Jack intentó abrirla, pero estaba cerrada con llave y tenía echados los cerrojos. Aunque le fue fácil descorrer los cerrojos, Jack no pudo abrir la puerta, pues no encontró la llave.

—No puedo sacarte de aquí esta noche —dijo Jack—. Pero escucha. Hemos hecho una escala de cuerda lo bastante larga para que llegue desde tu ventana al suelo. Si alguna noche cae una piedra en tu habitación, recógela en seguida. Estará atada a un cordel. Tira del cordel y verás que llega a tus manos el extremo de una cuerda. Entonces tira de la cuerda y recibirás la escala. Sólo tendrás ya que atar ésta a un sitio seguro y bajar.

—¡Oh gracias! —exclamó Paul. Estaba junto a la puerta y se le oía suspirar—. ¡Es horrible estar encerrado!

—¿Por qué te tienen prisionero? —preguntó Jack.

—Es muy largo de contar —respondió el cautivo—. Mi padre es el rey de Baronia y está muy enfermo. Si muere, debo ser yo el rey. Pero mi tío no quiere que lo sea y pagó a unos hombres para que me raptasen y me sacaran del país. Si mi padre muere y yo no estoy en mi reino, mi tío se apoderará del trono, haciéndose proclamar rey antes de que me encuentren.

—¡Ya veo que verdaderamente eres un príncipe! —exclamó Jack—. Nos resistíamos a creerlo. ¡Qué malvados! ¿Quieres que avise a la policía?

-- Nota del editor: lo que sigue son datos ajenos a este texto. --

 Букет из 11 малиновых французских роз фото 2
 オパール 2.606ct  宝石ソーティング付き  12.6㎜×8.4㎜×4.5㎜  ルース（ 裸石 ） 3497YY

—¡Oh, no! —respondió Paul inmediatamente—. Si el señor Boroni y Luis sospechasen que la policía sabe algo, ¡pobre de mí! Seguramente me sacarían de aquí por el pasadizo secreto y vosotros no volveríais a saber de mí. ¡Por favor, salvadme vosotros solos! ¿Cómo has dicho que te llamas?

—Jack —contestó éste—. Oye, Paul: debes estar muy alerta y prestar mucha atención a los mensajes que te enviemos desde nuestra torre. Cuando decidamos venir a rescatarte, ya te avisaremos.

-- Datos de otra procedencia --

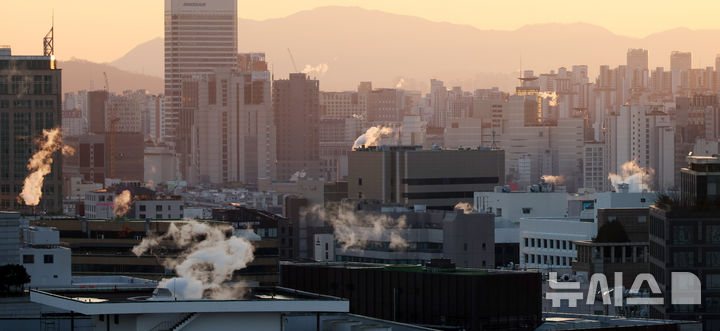 [서울=뉴시스] 추상철 기자 = 한파주의보가 내려진 26일 오후 서울 도심 빌딩에 수증기가 피어오르고 있다. 2025.12.26. scchoo@newsis.com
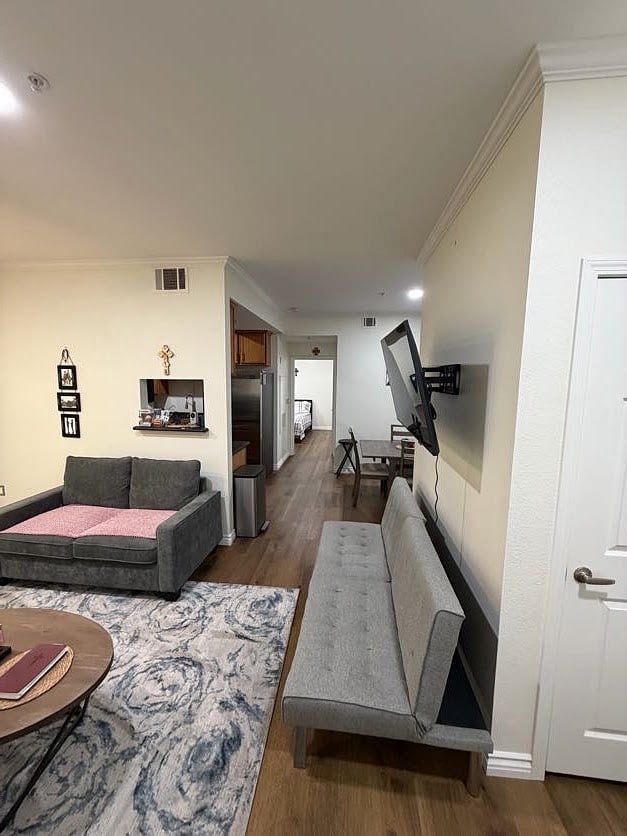Furnished Finder property 1057172_1 photo 3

—¡Qué buenos sois! —exclamó el príncipe—. Si supieseis la alegría que me llevé cuando os vi y leí vuestros mensajes.

—Me voy —dijo Jack—. Acabo de oír ruido y no quiero que me sorprendan. ¡Adiós!

Bajó la escalera en silencio. Pero al intentar abrir la puerta de la torre, ¡la encontró cerrada! El señor Boroni había pasado por allí y, al verla abierta, la había cerrado, sin saber que Jack estaba dentro.

Jack se quedó junto a la puerta. Su corazón latía con violencia. ¿Cómo podría salir de allí?… Quizá por la cocina… Pero tendría que procurar no hacer el menor ruido.

Se dirigió a la puerta que comunicaba la torre con la despensa. Estuvo unos momentos escuchando. No oyó nada. Abrió la puerta cautelosamente. Con gran sigilo cruzó la despensa. Su propósito era llegar a la puerta trasera y salir por ella al jardín. Pero…

¡Pobre Jack! Tropezó con un cubo y rodó por el suelo. El estrépito fue ensordecedor.